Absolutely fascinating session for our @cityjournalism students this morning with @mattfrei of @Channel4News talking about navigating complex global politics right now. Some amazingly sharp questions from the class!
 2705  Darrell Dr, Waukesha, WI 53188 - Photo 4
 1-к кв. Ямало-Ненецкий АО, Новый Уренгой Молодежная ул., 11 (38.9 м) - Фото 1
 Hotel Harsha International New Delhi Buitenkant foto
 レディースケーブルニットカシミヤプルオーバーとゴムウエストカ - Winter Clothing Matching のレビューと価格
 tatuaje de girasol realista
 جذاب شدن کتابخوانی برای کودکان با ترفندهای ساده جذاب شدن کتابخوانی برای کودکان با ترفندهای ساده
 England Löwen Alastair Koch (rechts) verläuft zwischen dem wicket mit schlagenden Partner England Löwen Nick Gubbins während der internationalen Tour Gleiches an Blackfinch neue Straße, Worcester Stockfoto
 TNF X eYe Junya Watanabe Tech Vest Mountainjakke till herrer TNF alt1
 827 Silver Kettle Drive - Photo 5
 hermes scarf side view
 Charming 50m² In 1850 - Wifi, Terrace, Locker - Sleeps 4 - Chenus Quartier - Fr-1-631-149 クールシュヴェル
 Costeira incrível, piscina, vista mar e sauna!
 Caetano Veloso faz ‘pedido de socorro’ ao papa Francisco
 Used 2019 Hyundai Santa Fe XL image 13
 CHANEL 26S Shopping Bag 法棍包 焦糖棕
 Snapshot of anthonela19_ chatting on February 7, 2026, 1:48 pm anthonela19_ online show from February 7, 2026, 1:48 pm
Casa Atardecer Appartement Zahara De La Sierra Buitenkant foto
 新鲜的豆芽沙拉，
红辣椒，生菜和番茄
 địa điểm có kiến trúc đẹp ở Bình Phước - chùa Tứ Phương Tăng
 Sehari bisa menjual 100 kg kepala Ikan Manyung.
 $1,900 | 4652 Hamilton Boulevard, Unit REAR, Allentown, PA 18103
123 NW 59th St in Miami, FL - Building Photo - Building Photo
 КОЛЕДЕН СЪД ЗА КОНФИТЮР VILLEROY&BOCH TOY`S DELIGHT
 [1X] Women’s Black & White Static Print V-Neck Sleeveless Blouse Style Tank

○ ○ ○ ○

Send back an exact copy of only the lines from the line with "Costeira incrível, piscina, vista" up to and including the line with "123 NW 59th" in the data above.

 Costeira incrível, piscina, vista mar e sauna!
 Caetano Veloso faz ‘pedido de socorro’ ao papa Francisco
 Used 2019 Hyundai Santa Fe XL image 13
 CHANEL 26S Shopping Bag 法棍包 焦糖棕
 Snapshot of anthonela19_ chatting on February 7, 2026, 1:48 pm anthonela19_ online show from February 7, 2026, 1:48 pm
Casa Atardecer Appartement Zahara De La Sierra Buitenkant foto
 新鲜的豆芽沙拉，
红辣椒，生菜和番茄
 địa điểm có kiến trúc đẹp ở Bình Phước - chùa Tứ Phương Tăng
 Sehari bisa menjual 100 kg kepala Ikan Manyung.
 $1,900 | 4652 Hamilton Boulevard, Unit REAR, Allentown, PA 18103
123 NW 59th St in Miami, FL - Building Photo - Building Photo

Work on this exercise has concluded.